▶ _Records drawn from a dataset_
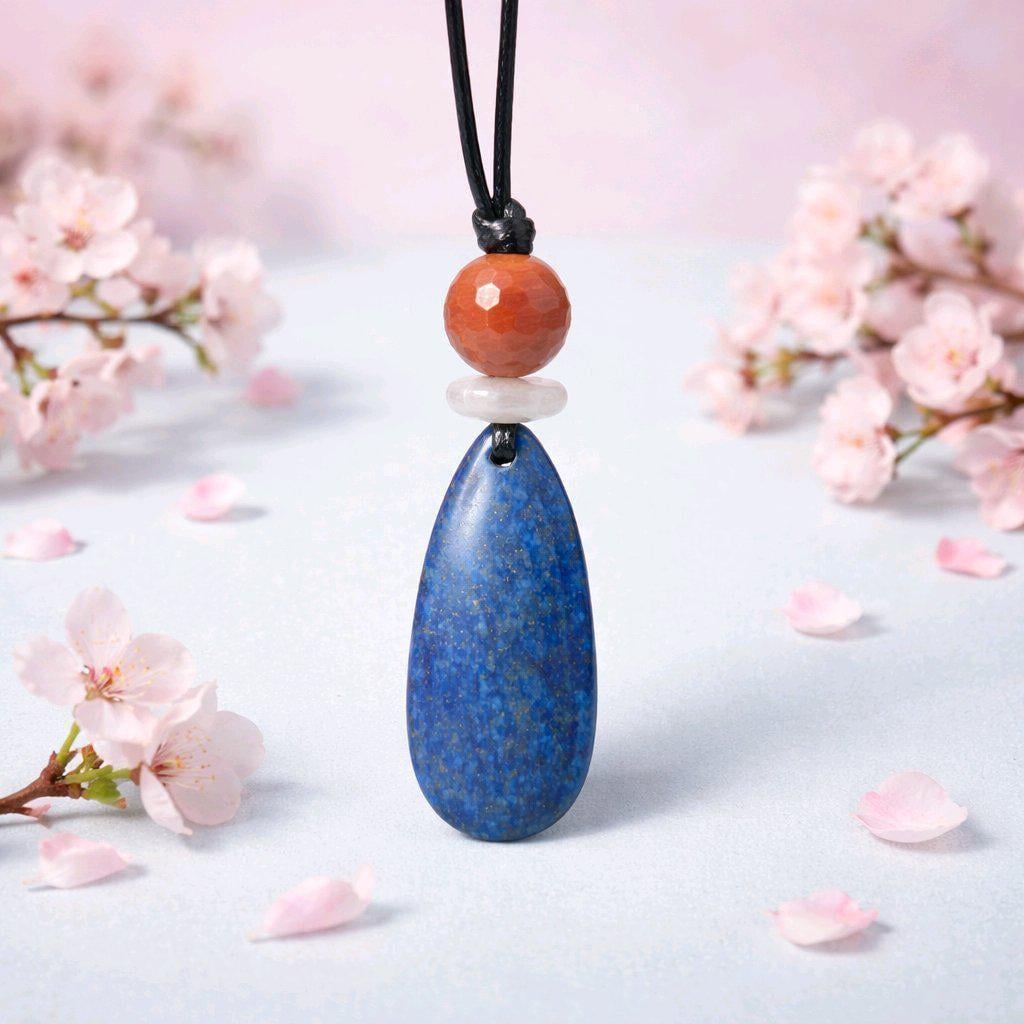 Chunky Lapis lazuli Necklace Natural Pearl Pendant Geometric Red Jasper Jewelry Adjustable Vegan Leather Up to 30 inches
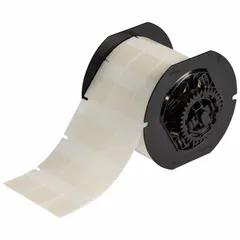 Precut wraparound label for wire, cable, and small cylindrical surface identification. Made of self-extinguishing vinyl with clear matte finish. Compatible with i3300 printer series; requires B30-R4300 ribbon.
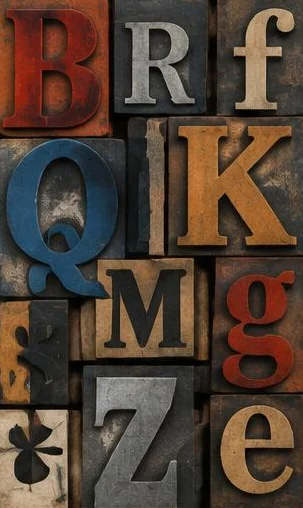 Tegeltableau met alfabet uit de zetkast: losse houten letters in verschillende corpsen vullen een kleurrijke typografische collage.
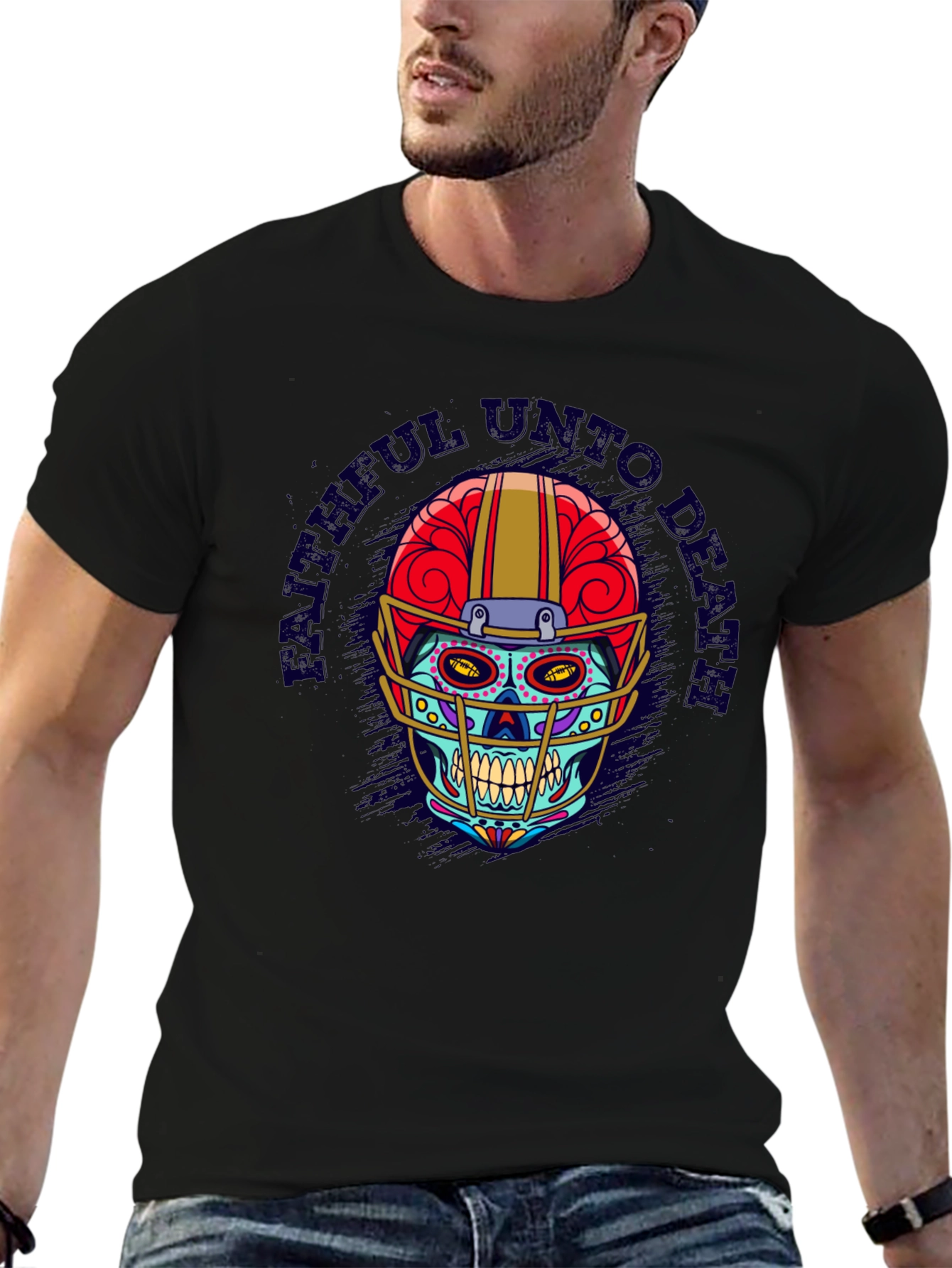 Black Faithful Unto Death Football Skull T-Shirt view 6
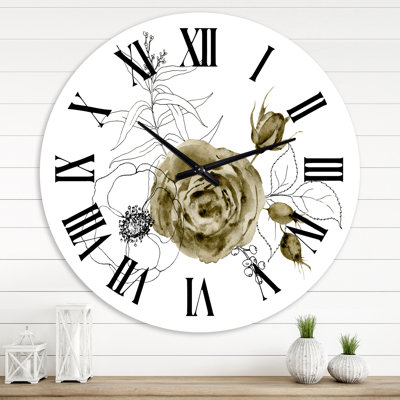 Anémone bouquet de fleurs avec branches d'eucalyptus I - Horloge murale traditionnelle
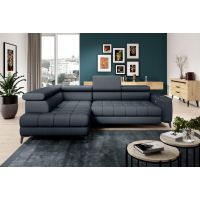 WERSAL - BAGGIO Narożnik z elektrycznie wysuwanym siedziskiem, pojemnikiem i ładowarką indukcyjną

▶ _Brief_
Leave out the pictures and repeat exactly the lines from the first line of the data through the line containing "Black Faithful Unto". Add nothing else.

▶ _The answer_
 Chunky Lapis lazuli Necklace Natural Pearl Pendant Geometric Red Jasper Jewelry Adjustable Vegan Leather Up to 30 inches
 Precut wraparound label for wire, cable, and small cylindrical surface identification. Made of self-extinguishing vinyl with clear matte finish. Compatible with i3300 printer series; requires B30-R4300 ribbon.
 Tegeltableau met alfabet uit de zetkast: losse houten letters in verschillende corpsen vullen een kleurrijke typografische collage.
 Black Faithful Unto Death Football Skull T-Shirt view 6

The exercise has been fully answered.